Search n' Recommend

recommender  search  information-retrieval  ]

20 Oct 2020


Understanding the significance of internet’s distribution engines - search and recommendation, requires a refresher on how commerce (and media distribution) took place pre-internet and the rapid technological evolution in the last 30 years of internet proliferation.

No Image



The 1950-60s were the age of mass consumerism and mass media; P&G and Coca Cola captured the then-modern consumer’s mindset. They built their vast value chains by building strong processes around R&D, manufacturing, branding and distribution. Integrating these functions well was key to winning in the marketplace - a battle of customer attention and customer choice fought in TV screens and on shelf spaces.

While TV screens mass propagated the values of the brand to everyone watching and initiated ‘Attention’ stage, it was the shelf space at the neighborhood supermarket that ferried the customer across the entire AIDA funnel. It was here that a customer got to engage with the brand better and /interact/ with the its products.



Come 1970s and the technical progress that followed in computing and communication, commerce and media upstarts started monetizing customer’s attention. Cable companies such as Comcast, TCI, etc. were able to build strong ‘localized’ moats by bundling broadcast television channels and delivering superior TV experience via cable to customers. Bundling benefitted both network and customers and the cable companies enjoyed the advantages from economies of scale.

In commerce, Walmart came along and built an empire by optimizing the problem of ‘/determining the right assortment for the finite shelf space at the lowest price everyday/’ for the customers at a store. As the largest buyer, Walmart over time could dictate pricing terms with its suppliers.

Both Walmart and cable companies enjoyed their success by building a moat around customer touch point. Personalization was still at a zip-code/DMA level - where one Cable station or one Walmart store could maintain dominant position. Marketing had transitioned from a Mad-men style arcane art to nerdy pricing models run by statisticians.

Till now, a customer’s attention was a finite resource - limited by TV ad slots and self space. The internet upended both - the limited shelf space with its limited assortment at your nearest Walmart gave way to an infinite assortment of products visible by scrolling infinitely on your mobile screen. The distribution battleground had shifted from physical inventory (atoms) to information (bits).

Methods of information distribution and retrieval have evolved significantly over internet’s 30-year history.
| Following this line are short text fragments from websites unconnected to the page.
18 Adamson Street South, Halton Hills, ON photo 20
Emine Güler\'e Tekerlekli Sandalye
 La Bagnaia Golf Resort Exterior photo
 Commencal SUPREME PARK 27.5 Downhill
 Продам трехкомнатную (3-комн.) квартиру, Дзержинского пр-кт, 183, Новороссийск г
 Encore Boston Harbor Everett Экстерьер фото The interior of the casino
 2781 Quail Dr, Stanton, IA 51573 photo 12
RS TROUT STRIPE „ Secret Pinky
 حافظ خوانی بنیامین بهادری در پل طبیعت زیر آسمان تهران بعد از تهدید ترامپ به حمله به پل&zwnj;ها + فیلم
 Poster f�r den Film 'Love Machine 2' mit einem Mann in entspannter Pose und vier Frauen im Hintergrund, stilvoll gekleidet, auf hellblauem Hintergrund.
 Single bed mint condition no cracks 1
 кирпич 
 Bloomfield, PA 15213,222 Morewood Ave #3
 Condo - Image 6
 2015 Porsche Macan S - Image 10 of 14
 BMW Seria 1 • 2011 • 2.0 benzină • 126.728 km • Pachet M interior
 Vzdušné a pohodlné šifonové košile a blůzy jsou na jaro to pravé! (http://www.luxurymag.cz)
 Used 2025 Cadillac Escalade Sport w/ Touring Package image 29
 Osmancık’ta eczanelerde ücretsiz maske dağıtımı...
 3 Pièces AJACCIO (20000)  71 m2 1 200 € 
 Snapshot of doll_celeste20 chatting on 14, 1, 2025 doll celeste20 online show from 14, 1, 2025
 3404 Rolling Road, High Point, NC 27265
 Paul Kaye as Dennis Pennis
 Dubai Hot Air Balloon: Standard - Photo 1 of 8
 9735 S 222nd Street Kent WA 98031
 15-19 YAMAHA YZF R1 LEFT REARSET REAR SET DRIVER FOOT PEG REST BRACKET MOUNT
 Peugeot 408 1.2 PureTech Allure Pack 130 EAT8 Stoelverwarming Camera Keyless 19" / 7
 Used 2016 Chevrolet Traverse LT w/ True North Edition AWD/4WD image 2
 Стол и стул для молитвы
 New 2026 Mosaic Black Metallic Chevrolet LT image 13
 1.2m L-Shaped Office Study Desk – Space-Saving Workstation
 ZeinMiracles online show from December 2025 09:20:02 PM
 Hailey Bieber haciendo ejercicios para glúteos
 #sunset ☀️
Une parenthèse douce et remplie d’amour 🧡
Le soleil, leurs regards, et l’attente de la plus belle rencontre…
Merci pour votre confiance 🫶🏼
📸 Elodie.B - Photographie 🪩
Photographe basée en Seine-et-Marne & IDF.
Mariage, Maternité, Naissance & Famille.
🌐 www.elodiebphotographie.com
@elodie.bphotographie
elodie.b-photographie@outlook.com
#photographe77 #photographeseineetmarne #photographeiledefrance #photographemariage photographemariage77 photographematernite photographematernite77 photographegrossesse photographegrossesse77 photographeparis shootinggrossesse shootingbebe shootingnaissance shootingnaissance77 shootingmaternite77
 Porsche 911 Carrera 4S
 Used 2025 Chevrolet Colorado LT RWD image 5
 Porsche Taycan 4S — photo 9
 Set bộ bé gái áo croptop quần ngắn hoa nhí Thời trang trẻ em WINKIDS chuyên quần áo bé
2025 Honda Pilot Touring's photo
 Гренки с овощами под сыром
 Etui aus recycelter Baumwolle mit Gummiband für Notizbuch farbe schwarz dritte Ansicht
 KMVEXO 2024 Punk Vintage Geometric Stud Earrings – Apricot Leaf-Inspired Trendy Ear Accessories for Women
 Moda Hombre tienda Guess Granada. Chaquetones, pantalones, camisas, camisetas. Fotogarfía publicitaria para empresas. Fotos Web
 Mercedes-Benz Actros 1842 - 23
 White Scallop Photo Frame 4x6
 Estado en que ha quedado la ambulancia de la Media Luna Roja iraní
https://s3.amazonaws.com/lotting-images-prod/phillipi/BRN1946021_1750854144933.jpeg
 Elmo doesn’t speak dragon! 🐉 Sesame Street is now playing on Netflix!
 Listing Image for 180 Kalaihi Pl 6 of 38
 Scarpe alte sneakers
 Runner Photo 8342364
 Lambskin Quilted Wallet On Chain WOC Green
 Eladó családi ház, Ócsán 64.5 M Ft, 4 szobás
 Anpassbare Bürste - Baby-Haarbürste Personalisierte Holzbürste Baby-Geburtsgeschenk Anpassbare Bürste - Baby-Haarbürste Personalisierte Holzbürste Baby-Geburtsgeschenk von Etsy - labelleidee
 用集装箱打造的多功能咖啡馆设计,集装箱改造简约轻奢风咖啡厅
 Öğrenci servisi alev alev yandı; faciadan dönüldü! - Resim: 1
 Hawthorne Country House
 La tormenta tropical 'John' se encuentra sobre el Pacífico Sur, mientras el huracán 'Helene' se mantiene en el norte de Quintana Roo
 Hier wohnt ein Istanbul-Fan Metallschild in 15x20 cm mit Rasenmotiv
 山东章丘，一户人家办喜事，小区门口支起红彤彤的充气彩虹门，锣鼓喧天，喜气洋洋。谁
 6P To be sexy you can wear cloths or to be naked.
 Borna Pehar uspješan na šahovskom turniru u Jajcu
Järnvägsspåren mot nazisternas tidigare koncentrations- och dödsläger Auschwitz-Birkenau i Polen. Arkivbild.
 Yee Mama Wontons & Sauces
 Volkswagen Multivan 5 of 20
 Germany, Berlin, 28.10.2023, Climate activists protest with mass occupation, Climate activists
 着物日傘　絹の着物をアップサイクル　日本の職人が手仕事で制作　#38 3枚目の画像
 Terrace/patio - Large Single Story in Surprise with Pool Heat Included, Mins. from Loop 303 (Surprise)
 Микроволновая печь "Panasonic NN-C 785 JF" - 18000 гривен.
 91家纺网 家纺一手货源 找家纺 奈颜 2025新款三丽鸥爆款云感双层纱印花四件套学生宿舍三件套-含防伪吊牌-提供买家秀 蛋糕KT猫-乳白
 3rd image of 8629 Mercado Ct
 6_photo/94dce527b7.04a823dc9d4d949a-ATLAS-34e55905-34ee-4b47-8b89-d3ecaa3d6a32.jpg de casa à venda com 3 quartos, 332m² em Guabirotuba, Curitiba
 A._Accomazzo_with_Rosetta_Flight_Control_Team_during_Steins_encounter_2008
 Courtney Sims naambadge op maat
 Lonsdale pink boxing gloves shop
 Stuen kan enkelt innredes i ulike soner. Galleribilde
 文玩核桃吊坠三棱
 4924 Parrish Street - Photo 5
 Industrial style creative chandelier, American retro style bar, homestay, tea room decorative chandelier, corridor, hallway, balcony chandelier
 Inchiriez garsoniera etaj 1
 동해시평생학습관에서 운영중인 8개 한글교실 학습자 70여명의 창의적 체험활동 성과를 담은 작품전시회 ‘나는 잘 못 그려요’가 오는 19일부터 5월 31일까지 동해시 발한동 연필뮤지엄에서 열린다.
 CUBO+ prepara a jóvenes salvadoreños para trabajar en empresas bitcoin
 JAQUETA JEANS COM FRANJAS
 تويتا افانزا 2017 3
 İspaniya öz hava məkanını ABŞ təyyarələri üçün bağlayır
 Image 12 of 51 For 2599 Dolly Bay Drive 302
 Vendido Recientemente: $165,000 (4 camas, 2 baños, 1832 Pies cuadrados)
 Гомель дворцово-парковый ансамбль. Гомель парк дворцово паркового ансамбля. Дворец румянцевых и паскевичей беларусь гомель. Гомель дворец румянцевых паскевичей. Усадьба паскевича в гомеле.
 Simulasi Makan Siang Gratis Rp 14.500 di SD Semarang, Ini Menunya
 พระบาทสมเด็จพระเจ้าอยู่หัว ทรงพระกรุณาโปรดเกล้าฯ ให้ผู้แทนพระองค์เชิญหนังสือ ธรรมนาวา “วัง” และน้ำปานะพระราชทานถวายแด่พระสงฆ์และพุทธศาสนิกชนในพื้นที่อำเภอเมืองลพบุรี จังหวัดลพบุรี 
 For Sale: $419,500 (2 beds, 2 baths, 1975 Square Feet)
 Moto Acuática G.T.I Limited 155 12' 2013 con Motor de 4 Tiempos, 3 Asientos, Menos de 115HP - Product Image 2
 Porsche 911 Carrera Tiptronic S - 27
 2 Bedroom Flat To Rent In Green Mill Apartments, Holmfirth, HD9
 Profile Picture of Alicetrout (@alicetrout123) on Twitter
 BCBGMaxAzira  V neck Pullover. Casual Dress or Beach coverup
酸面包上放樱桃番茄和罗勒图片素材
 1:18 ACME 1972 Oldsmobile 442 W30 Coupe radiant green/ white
Version 1 was the curated media pioneered by Yahoo! in early 1990s. This technology relied on human operators curating internet pages and creating a directory.

Search engines started showing up in late 90s when manual curation of information soon became costly. User advanced search functionalities, Amazon opened up the ‘everything’ store to customers - A shopper was no longer constrained by items on shelves at the nearest supermarket; she could now scroll and browse the everything catalog.



Recommenders still played a supporting role to the more dominant search functionality. Search was the promise of delivering a one-stop storefront to an infinite inventory of content - books (Amazon web bookstore released in 1995), DVDs (Netflix launched DVD rental website in 1998), and digital music (iTunes released in 2001).

Tech Cos started hitting the /limits of search technology when the rate of content creation surpassed the rate of accurately classifying and tagging inventory/. The internet bubble witnessed the creation of marketplaces of commodities of all shapes and sizes. Soon the frontier of customer need has shifted - from /serving all the information to a customer/ to /delighting customers with contextual information/.

Recommender’s took the center stage when Netflix released the much publicized (Netflix Prize) in 2006 and awarded the winner $ 1M for beating the champion recommender in 2008. The early pioneers of RecSys systems defined context by mining customers’ transactions or explicit behavior (purchase and clicks) and identifying patterns across customers (collaborative filtering) or across content (content-based filtering) to formulate a recommendation.

New business models and technology vastly expanded the scope of what content could be. Media content consumers could now interact with one another and create their own content. ‘User generated content’ platforms such as yelp, Instagram, Twitter, etc. opened internet’s floodgates.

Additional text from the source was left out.